Dee se regañó mentalmente por el tartamudeo tembloroso de su voz. ¡Maldita sea! ¿Por qué tenía que comportarse como una quinceañera atemorizada?

Dejó de hablar cuando Hugo empezó a mover la cabeza. Abrió la antigua puerta del salón y le indicó que pasara.

Dee lo hizo obedientemente. Aún seguía pasmada, luchando por reponerse de su inesperada presencia. Hacía años que no lo veía.

La primera vez que se vieron él ya era un licenciado mientras que ella era una estudiante de primero. Estaba preparándose el doctorado. Era un tipo alto, de aspecto romántico, del que sus compañeras estaban enamoradas. Incluso entre la variedad de sus particulares amigos Hugo destacaba inmediatamente. Con dos metros de altura él era uno de los hombres más altos y atractivos del campus, tan imponente que habría merecido una segunda o tercera mirada por parte de una mujer, incluso sin su característica melena de espeso cabello oscuro.

A los atributos de su físico, un cuerpo musculoso por practicar varios deportes, se añadía el brillo de sus sensuales ojos azul oscuro y su boca que hacía preguntarse a cualquier mujer cómo sería besarlo. No había duda de que Hugo había sido el tema de discusión de las no tan secretas fantasías de casi todas las estudiantes.

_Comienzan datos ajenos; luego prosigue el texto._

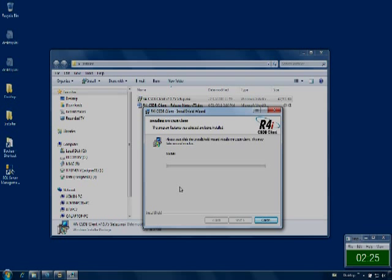The R4i CSDB client requires the free Microsoft .Net2 framework which is available as a download from Microsoft. If it's not available on the PC, the installer will prompt you to install it.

Dee se había chocado contra él literalmente mientras iba corriendo a reunirse con Peter.

Dee, que sabía de Hugo por las otras chicas y que lo había observado por el campus, se había quedado pasmada al descubrir que era un destacado activista en el pequeño ejército de idealistas y colaboradores de Peter.

—¿Cómo que qué hago aquí? —preguntó Hugo con sequedad—. Peter y yo nos conocemos desde hace tiempo y…

—Sí, ya lo sé —reconoció Dee—. Es que creí que…

Estaba sorprendida. Se quedó helada y al mismo tiempo sudorosa e incómoda. Le latía el corazón con fuerza a un ritmo peligrosamente desacompasado y sospechó que estaba en riesgo de hiperventilarse al intentar llenar de aire sus tensos pulmones.

—¿Qué creíste? —exigió Hugo—. ¿Que seguía enamorado de ti? ¿que no podía vivir sin ti por más tiempo… que mis sentimientos por ti, que mi amor por ti era tan fuerte que tenía que venir a buscarte…?

Dee palideció ante el tono irónico de su voz. ¿Hacía un frío insoportable en aquella habitación o era solo ella? Pudo sentir que empezaba a temblar. Al principio de un modo imperceptible y después con gran intensidad hasta que…

—¿Cómo están tu marido y tu hija? —preguntó Hugo con evidente indiferencia—. Debe tener… ¿cuántos años? ¿nueve?

Dee se lo quedó mirando. ¿Qué marido y qué hija?

Alguien estaba llamando a la puerta.

—Debe ser el médico —advirtió Hugo antes de que ella pudiera recomponer sus confusos pensamientos y corregir el malentendido.

—¿El médico…?

—Sí. Peter está bastante mal. Perdona, voy a abrirla.

¡El médico de Peter era una mujer!

Mientras se apartaba a un lado una morena atractiva entró y se dirigió a Hugo.

—Señor Montpelier. Soy la doctora Jane Harper. Hablamos por teléfono.

—Es cierto —afirmó Hugo con una voz más cálida que la que había utilizado con ella.

—Por favor, pase por aquí —la invitó a pasar Hugo y ella le sonrió.

Dee se tragó sus indigestos pensamientos con amargura.